San Pablo en la carta a Timoteo lo anima a que reavive su relación con Dios. Que no se olvide de que el espíritu de Dios habita en Él. Un espíritu que ensancha los límites del corazón hasta donde no podemos imaginar; espíritu que empuja y fortalece. Lo anima a la coherencia, a llevar a la vida el mensaje del evangelio. Esta aptitud ante la vida tiene sus consecuencias. Vivir la coherencia del evangelio no es tarea sencilla, ni antes ni ahora. No basta hablar de Dios sino también vivir como Él nos propone. Sus propuestas nos sacan de nuestras comodidades, remueven seguridades y hacen que revisemos constantemente los planteamientos de vida. Por ello es vital saberse habitados por el espíritu del Señor, dejar que él obre en nosotros, ponerse en sus manos, dejarse llevar por Él. Somos criaturas suyas. Es tarea de toda la vida reavivar la relación con El, tomar consciencia de su presencia en nosotros, confiar y experimentar la fuerza de su espíritu. Evitemos una fe cómoda e instalada en seguridades.
En el evangelio de S. Lucas los discípulos piden a Jesús que les aumente la fe.
Se dice que la fe es un don de Dios, un regalo, un misterio… ¿Por qué hay personas tocadas por este misterio y otras no? Seguramente en esta cuestión influyen múltiples razones.
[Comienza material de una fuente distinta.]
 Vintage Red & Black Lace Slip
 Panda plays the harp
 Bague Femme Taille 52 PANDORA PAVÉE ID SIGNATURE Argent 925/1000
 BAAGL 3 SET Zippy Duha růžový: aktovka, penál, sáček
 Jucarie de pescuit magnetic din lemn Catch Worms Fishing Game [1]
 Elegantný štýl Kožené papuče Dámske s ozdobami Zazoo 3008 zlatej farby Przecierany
Pongámonos en los que hemos recibido este don o creemos tenerlo.
Vivo la fe como una relación de amistad con el Padre/Madre; un camino que recorro cogida de su mano, con diversas etapas, con sus avances y retrocesos; un camino que me va ofreciendo nuevas posibilidades…
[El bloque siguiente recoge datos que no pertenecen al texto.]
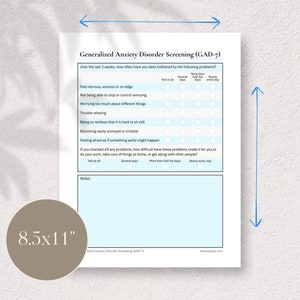 Mental Health Printable PHQ-9 & GAD-7 Questionnaires Depression Anxiety ...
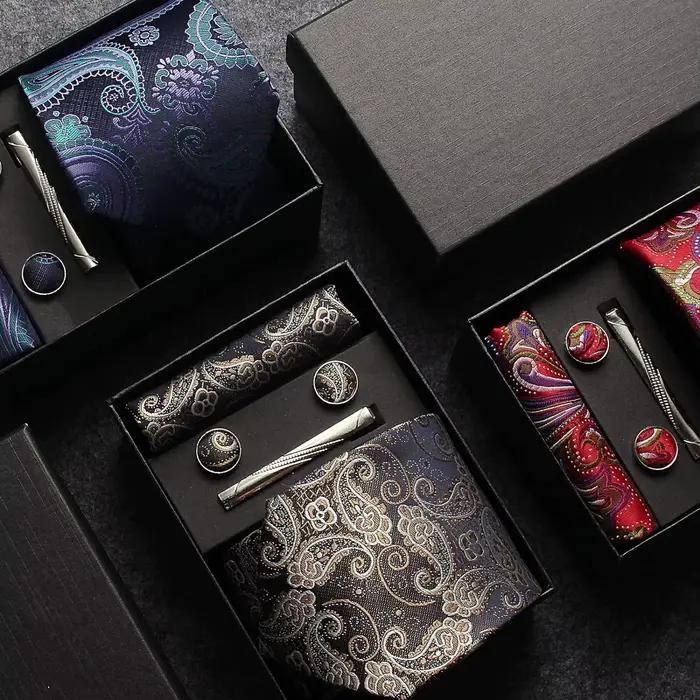 100% soie cravate Paisley Floral hommes cravate de qualité supérieure affaires cravate poche carré c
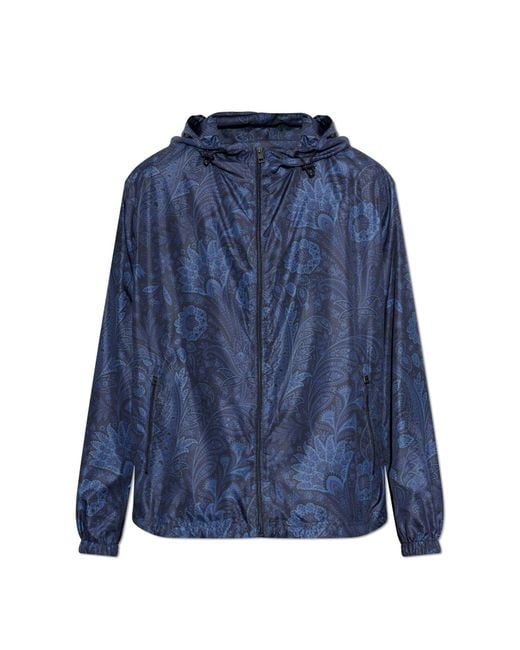 Etro Blue Light Jacket With Hood for men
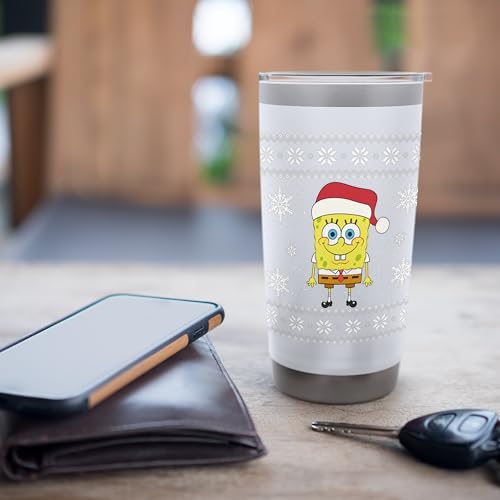 Spongebob SquarePants Holiday Christmas Graphic Stainless Steel Insulated Tumbler - color: White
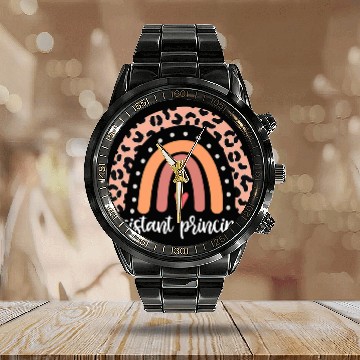 Discover Assistant Principal Rainbow Funny Job Title School Worker 5 Calendar Steel Band Watch
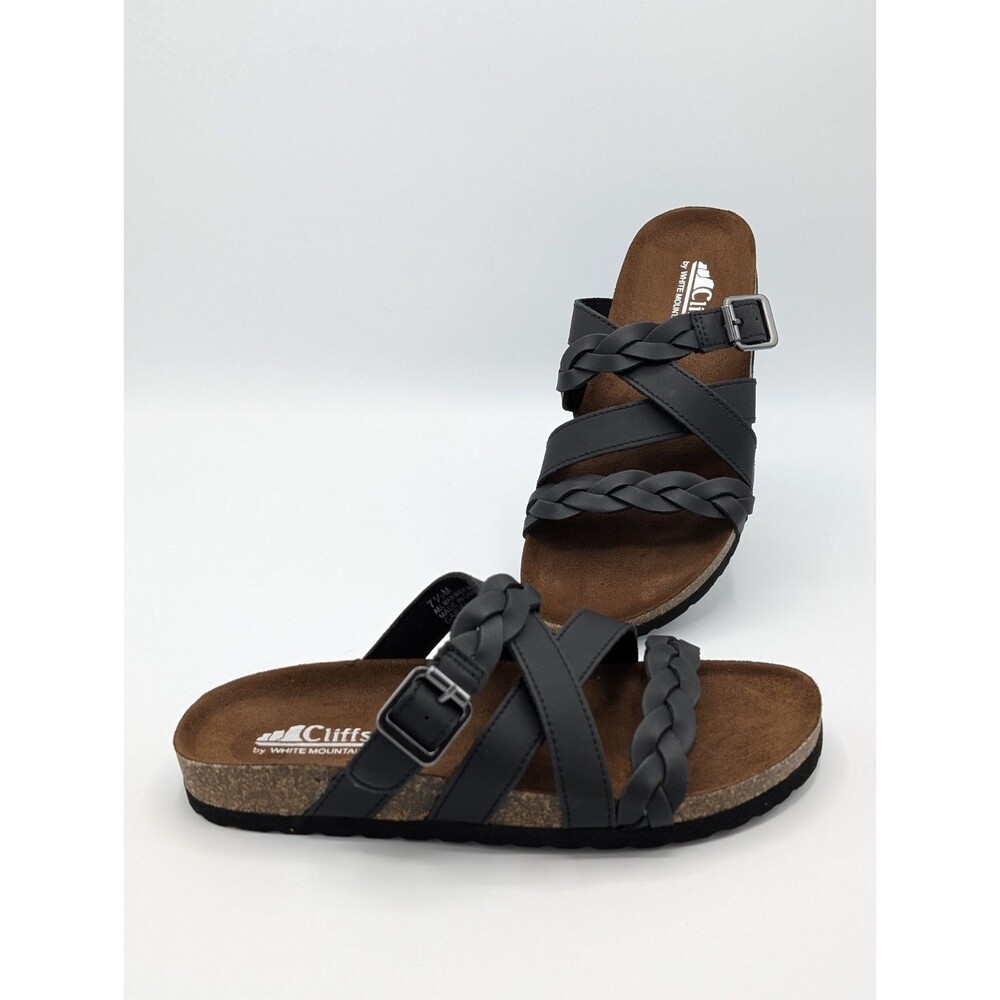 Cliffs White Mountain Sandals Women 7.5 Black Braided Strap Slide Cork Footbed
¿Pedimos a Dios que nos aumente la fe o como creemos tenerla consideramos que no necesitamos pedirla?
El camino de la fe es inseguro, volátil, necesita alimento y cuidado. Es una relación que hay que nutrir y cuidar con mucho mimo; buscar los encuentros, los espacios, las mediaciones que nos lleven a profundizar en esta relación. A veces el camino es serpenteante, oscuro, difícil y nos conduce a otros caminos inesperados.
Vivamos la fe como un dejarse acompañar, fiándonos plenamente de la OTRA PERSONA. Es un tesoro frágil y vulnerable, pero a la vez nos sostiene, empuja y fortalece. No es una conquista personal.
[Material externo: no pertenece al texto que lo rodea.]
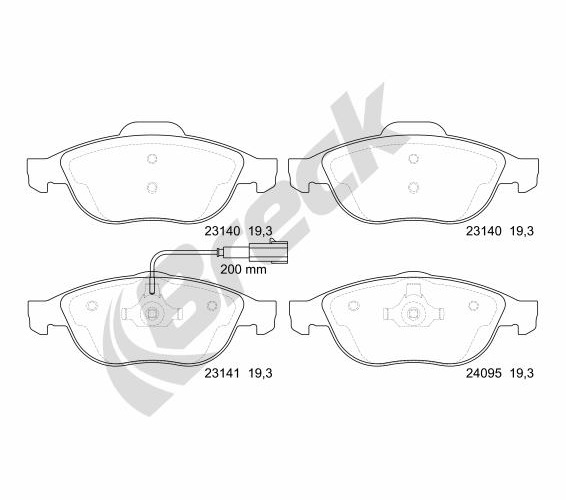Brake Pad Set, disc brake - 23141 00 701 10 BRECK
En la segunda parte del evangelio Jesús da a entender a los discípulos que las metas conseguidas no hay que tratarlas como triunfos personales. ¡Cuántos problemas evitaríamos si viviéramos en la Iglesia con esa actitud de humildad! Con actitud de siervos que hacemos lo que tenemos que hacer. Teniendo presente que es Dios quien está obrando en nosotros. Somos trabajadores del Reino, ponemos a disposición de Dios nuestras capacidades. Es natural sentir alegría cuando los proyectos salen adelante, pero no está de más que nos recordemos que en esta empresa es Dios quien obra en nosotros. De esta manera cuando el esfuerzo no obtiene su fruto, el aparente fracaso lo viviríamos con mayor paz. Son necesarios la voluntad, el esfuerzo, la astucia y los medios, … pero siempre desde una actitud de ofrenda y servicio, con la disposición de trabajar por la construcción del Reino.